21. I find then, &c.] The Gr. construction of this verse is difficult. But the explanation is helped by remembering that the law, not “a law,” is the right version; and all analogy of passages leads us to refer this to the Divine Law. There can thus be little doubt of the practical meaning of the verse:—“such is the relation between me and the Law, that my will is with it, my action is against it.” The Gr. is (as nearly literally as possible), So then I find the Law, with me willing to do what is good, [I find, I say,] that with me what is evil is present. The construction is rapid and broken, but characteristic of St Paul. It is as if he had written, “I find the Law thus in its attitude; I find that what is evil is present with me, while yet my will is for the good.”

He thus states, (what it is one main object, if not the chief of all, to state in this whole remarkable passage of the Epistle,) that the subjugation of sin is not the function of the Law. The awful holiness of the Law both evokes the resistance of sin, and (in the regenerate) ever more and more detects its presence in the minutest shades. Another Influence (Romans 8:3) is needed, side by side with this detection, if sin is to be subdued.

Meyer suggests a rendering of the above clauses which is perfectly possible as regards construction, but in our view less natural, and less proper to the context: “I find then that with me, choosing [willing, lit.] the law, so as to do right, evil is present.”

Romans 7:21. Εὑρίσκω) In this distressing conflict I find the law, [But Engl. Vers. “a law”] without which I formerly lived. This is all [I merely find the law]. That proposition, which occurs at Romans 7:14, is repeated.—τὸν νόμον) the law itself, which is in itself holy.—τῷ θέλοντι, [for, or to me] willing) The Dative of advantage: I find the law, which is not sinful or deadly [for, or] to me [so far as I am concerned; in my experience]. The first principles of harmony, friendship, and agreement between the law and man, are expressed with admirable nicety of language. The participle is purposely put first, τῷ θέλοντι ἐμοὶ, for, or to the person willing, viz. me,[77] in antithesis to the second [with] me, which presently after occurs absolutely. With the words, for, or to me willing, comp. Php 2:13.—ὅτι, because) [But Engl. Vers. I find a law, that, when I would do good, evil is present with me].—παράκειται, lies near, [is present with me]) Here the balance is changed; for at Romans 7:18, the good will lies near [is present;] the same word, παράκειται] as the lighter part [side of the scale]; whereas by this time, now the evil, though not the evil will, lies near [is present], as the lighter part [side of the scale].
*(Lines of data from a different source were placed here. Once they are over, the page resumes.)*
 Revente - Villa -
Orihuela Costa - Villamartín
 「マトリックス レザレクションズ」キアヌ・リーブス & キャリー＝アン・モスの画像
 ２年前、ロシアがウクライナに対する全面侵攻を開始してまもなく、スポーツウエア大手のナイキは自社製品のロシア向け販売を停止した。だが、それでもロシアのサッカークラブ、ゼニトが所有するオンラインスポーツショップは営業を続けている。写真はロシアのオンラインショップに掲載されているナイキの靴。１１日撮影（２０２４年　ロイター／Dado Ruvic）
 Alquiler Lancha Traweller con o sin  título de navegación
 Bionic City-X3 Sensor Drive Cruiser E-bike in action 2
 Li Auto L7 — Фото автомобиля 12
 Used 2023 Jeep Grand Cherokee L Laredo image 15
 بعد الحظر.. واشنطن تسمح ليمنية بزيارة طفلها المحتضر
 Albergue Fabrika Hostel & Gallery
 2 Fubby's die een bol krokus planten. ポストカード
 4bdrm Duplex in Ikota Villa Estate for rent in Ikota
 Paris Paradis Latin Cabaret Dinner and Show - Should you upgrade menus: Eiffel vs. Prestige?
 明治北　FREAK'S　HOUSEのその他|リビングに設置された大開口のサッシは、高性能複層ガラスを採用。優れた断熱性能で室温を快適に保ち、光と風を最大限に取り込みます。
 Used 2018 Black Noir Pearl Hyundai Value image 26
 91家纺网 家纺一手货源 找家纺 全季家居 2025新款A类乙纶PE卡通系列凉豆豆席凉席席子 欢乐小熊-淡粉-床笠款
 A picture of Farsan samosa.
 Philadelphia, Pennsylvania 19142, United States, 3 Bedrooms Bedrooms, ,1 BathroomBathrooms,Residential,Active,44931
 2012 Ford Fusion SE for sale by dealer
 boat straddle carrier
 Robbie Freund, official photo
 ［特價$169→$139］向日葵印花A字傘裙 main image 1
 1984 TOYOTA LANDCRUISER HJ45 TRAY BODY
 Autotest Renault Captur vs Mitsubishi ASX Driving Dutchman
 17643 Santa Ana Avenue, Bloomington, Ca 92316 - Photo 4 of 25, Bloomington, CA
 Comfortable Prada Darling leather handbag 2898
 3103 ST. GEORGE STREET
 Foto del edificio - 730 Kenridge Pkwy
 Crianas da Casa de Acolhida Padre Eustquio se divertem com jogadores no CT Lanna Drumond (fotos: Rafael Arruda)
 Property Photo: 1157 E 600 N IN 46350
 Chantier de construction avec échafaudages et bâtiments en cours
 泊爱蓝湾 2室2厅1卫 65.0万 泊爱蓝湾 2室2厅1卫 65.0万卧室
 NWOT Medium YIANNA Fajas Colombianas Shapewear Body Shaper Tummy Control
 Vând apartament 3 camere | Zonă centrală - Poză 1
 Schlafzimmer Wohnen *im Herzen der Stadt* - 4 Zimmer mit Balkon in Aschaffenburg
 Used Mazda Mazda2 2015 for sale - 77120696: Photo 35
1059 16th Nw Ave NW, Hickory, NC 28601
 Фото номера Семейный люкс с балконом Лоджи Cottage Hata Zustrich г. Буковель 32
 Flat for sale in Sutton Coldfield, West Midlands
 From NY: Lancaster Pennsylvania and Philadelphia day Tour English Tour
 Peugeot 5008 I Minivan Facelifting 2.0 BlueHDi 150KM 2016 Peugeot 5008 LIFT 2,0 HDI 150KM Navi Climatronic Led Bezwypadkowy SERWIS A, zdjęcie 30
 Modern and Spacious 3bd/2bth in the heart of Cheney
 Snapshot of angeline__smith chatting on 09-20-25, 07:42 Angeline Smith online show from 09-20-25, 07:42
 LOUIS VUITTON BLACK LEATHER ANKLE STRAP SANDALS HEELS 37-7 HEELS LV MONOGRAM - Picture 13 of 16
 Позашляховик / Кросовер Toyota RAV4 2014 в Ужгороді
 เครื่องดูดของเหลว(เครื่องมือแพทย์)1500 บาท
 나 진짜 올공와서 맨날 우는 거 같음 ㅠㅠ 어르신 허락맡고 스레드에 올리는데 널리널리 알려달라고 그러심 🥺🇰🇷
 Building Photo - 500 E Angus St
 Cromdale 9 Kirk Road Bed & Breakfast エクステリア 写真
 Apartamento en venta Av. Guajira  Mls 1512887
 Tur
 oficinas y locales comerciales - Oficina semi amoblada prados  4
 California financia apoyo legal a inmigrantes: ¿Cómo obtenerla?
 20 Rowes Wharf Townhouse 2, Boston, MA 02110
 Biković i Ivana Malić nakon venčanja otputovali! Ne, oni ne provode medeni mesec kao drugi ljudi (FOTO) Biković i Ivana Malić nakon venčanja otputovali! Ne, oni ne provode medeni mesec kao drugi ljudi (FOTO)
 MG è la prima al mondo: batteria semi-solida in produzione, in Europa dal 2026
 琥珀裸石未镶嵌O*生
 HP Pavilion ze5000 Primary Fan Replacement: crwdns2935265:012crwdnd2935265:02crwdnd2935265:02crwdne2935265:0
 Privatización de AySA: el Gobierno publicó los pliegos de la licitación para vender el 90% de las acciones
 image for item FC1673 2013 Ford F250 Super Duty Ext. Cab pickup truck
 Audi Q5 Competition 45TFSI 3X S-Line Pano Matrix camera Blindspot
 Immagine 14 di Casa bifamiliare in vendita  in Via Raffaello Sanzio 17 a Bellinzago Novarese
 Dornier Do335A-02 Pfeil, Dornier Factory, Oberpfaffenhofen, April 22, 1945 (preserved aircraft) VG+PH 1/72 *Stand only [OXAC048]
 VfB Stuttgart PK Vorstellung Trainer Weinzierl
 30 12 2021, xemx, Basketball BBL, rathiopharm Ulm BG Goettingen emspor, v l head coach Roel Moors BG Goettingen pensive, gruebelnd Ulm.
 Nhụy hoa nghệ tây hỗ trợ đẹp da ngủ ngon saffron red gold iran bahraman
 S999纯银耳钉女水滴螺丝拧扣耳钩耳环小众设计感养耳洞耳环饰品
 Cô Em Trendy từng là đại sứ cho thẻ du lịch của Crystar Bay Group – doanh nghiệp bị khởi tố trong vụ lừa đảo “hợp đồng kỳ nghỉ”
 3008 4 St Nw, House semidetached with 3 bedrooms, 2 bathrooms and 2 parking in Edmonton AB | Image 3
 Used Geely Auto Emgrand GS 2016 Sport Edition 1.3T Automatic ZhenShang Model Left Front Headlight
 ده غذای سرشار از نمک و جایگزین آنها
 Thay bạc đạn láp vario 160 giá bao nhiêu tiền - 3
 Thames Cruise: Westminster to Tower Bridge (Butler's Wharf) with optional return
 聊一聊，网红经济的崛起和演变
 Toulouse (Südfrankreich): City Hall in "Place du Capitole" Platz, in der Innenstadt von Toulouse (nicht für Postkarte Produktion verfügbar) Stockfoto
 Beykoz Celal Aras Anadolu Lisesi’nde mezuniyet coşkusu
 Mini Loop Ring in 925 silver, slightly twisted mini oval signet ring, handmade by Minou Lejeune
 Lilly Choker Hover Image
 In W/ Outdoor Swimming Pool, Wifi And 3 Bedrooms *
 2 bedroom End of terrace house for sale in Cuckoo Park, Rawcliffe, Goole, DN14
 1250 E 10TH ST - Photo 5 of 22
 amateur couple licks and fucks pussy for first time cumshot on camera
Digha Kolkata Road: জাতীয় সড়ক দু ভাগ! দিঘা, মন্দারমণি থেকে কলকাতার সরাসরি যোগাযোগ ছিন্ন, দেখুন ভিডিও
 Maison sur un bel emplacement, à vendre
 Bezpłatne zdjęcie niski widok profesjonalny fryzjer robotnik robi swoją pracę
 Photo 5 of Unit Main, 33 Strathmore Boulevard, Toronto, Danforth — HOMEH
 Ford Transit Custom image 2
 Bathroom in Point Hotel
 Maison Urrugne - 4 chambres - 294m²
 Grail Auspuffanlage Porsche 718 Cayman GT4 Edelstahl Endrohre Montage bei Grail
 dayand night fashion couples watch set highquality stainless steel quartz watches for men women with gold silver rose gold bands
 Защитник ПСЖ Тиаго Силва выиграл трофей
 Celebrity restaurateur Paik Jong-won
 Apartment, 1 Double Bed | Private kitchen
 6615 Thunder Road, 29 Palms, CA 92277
[77] The participle cannot be placed first in English Tr. What he means is; the law is found by him who wills to do good, which is now the case with me.—ED.

Romans 7:21A law

With the article, the law. The constant rule of experience imposing itself on the will. Thus in the phrases law of faith, works, the spirit. Here the law of moral contradiction.

When I would (τῷ θέλοντι ἐμοὶ)

Lit., as Rev., to me who would, or to the wishing me, thus emphasizing the I whose characteristic it is to wish, but not to do.